*** Opening of PROVIDED MATERIAL ***

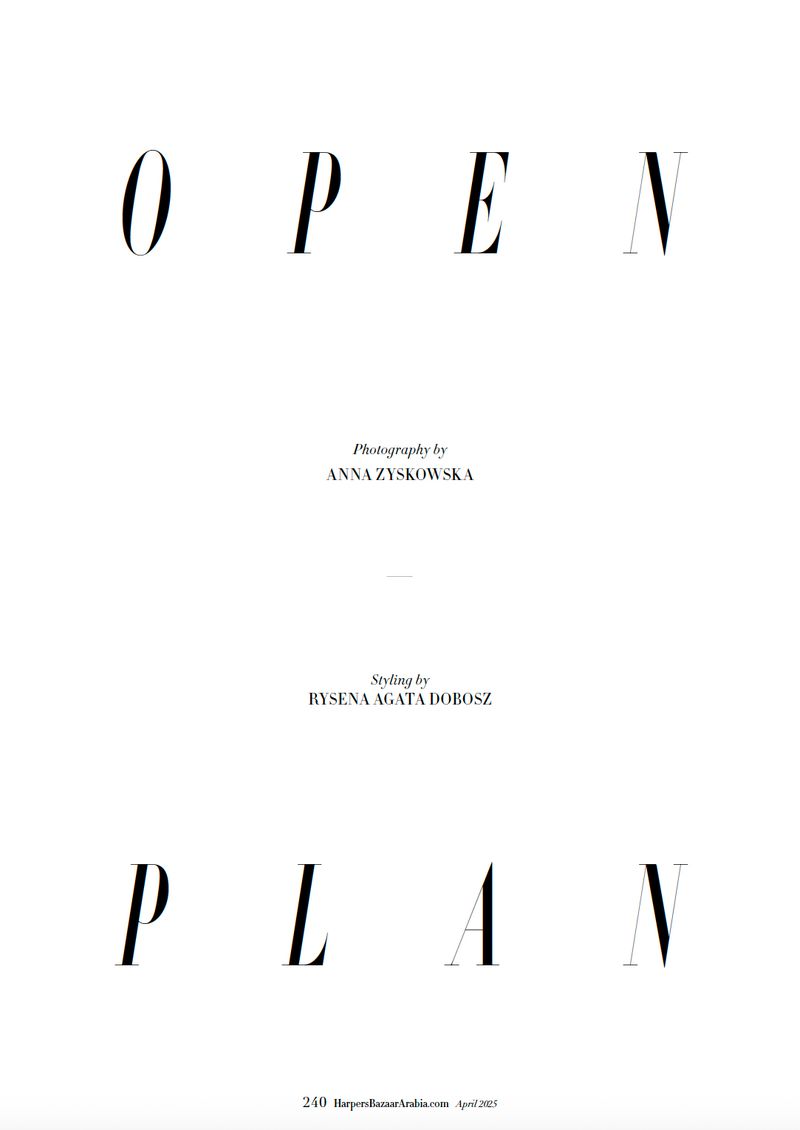 Fashion magazine cover featuring typography, 'Open Plan,' on a white background with photographer and stylist credits in simple black font.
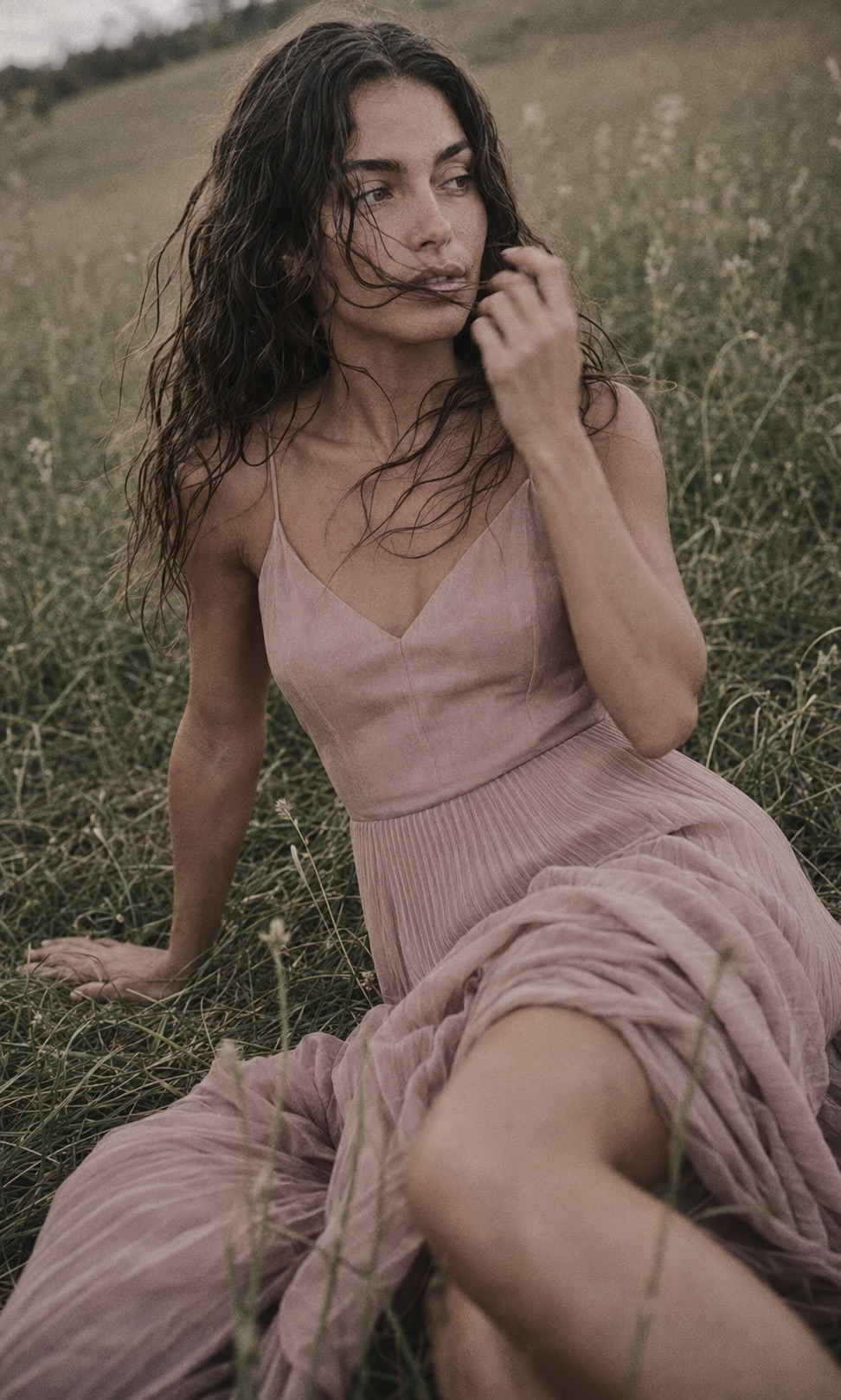 Petite model with a fuller bust seated in a wildflower field, wearing a rose pleated midi dress with a fitted V-neck bodice.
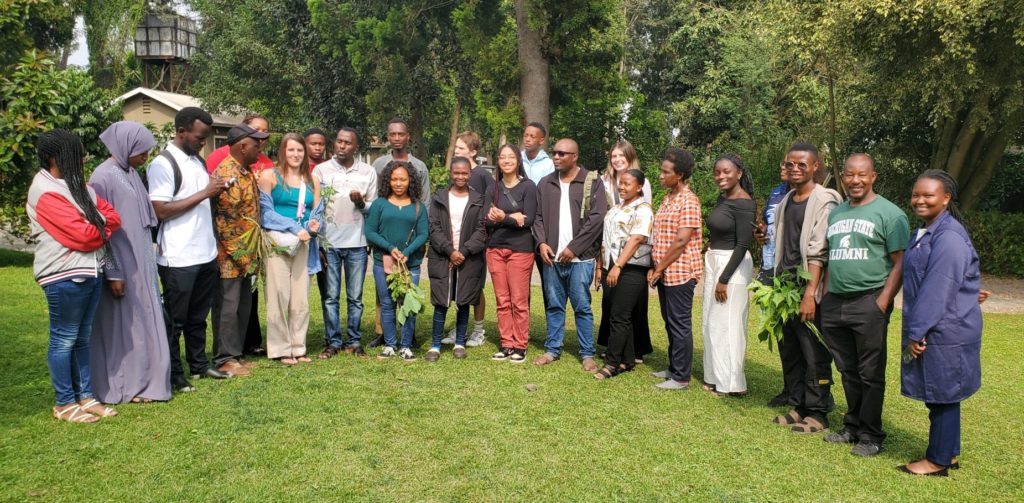 a group photo of 23 people who are standing outside in a semi circle. 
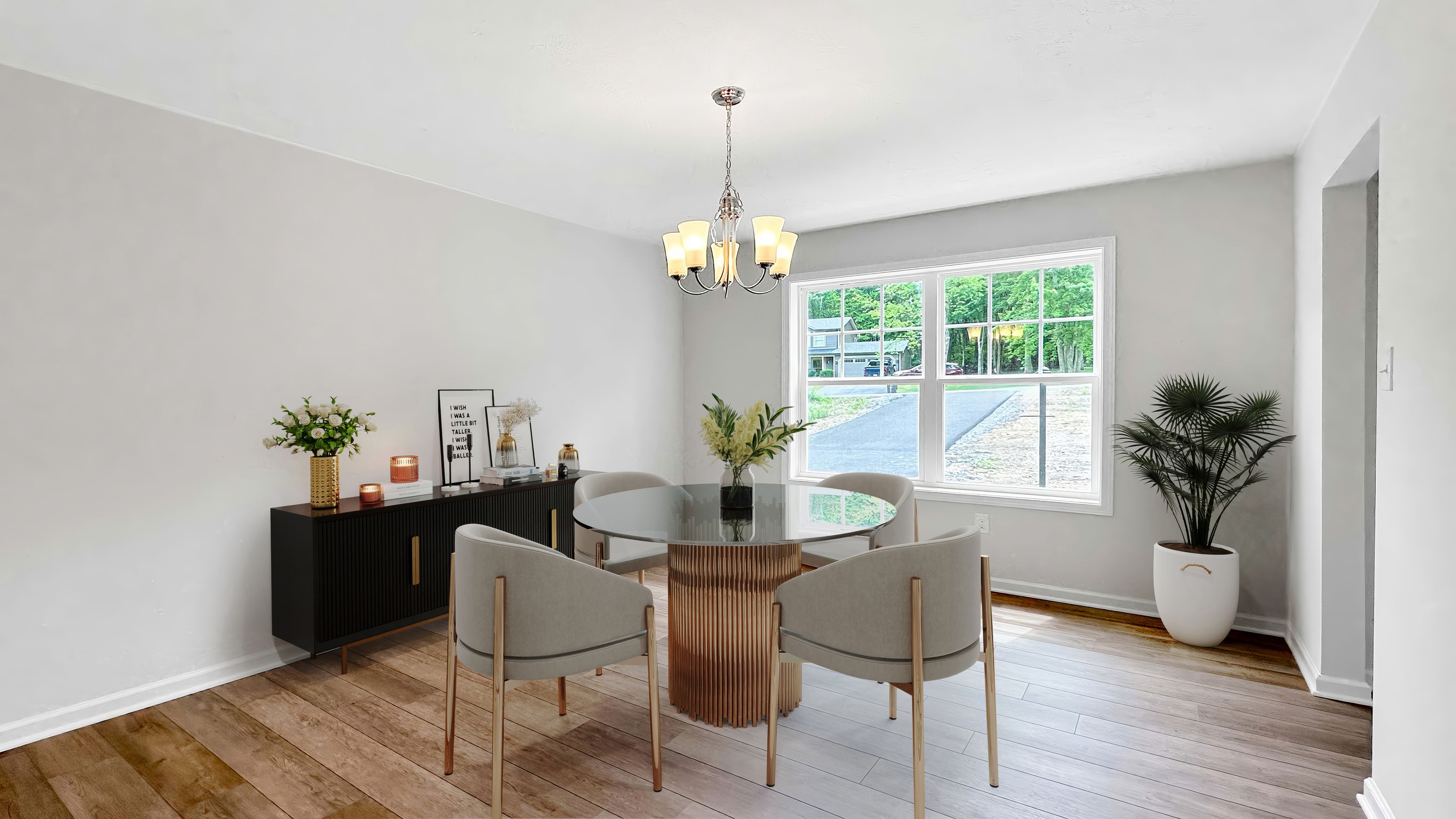 Dining room featuring a round glass table, upholstered chairs, modern chandelier, and large window overlooking the front yard.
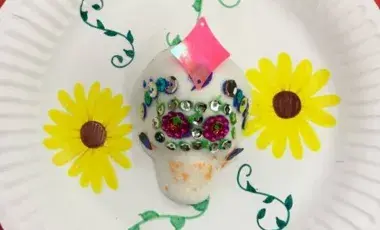 A sugar skull on a decorated plate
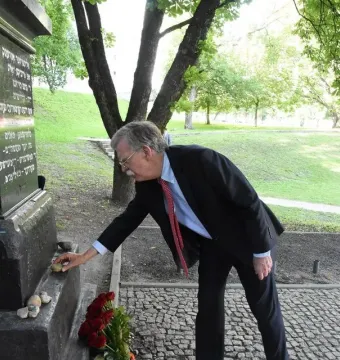 A man in a suit bends down to place a small stone at The Pit memorial, with red flowers and other stones at the base.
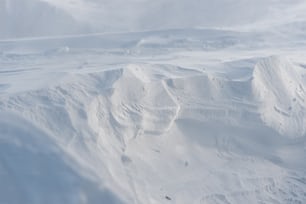 a man riding skis down the side of a snow covered slope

*** Close of PROVIDED MATERIAL ***

■ TO DO:
From the line that contains "a group photo" to the last line of the data, print each line exactly, both ends included, and omit the pictures.

■ SOLUTION:
 a group photo of 23 people who are standing outside in a semi circle. 
 Dining room featuring a round glass table, upholstered chairs, modern chandelier, and large window overlooking the front yard.
 A sugar skull on a decorated plate
 A man in a suit bends down to place a small stone at The Pit memorial, with red flowers and other stones at the base.
 a man riding skis down the side of a snow covered slope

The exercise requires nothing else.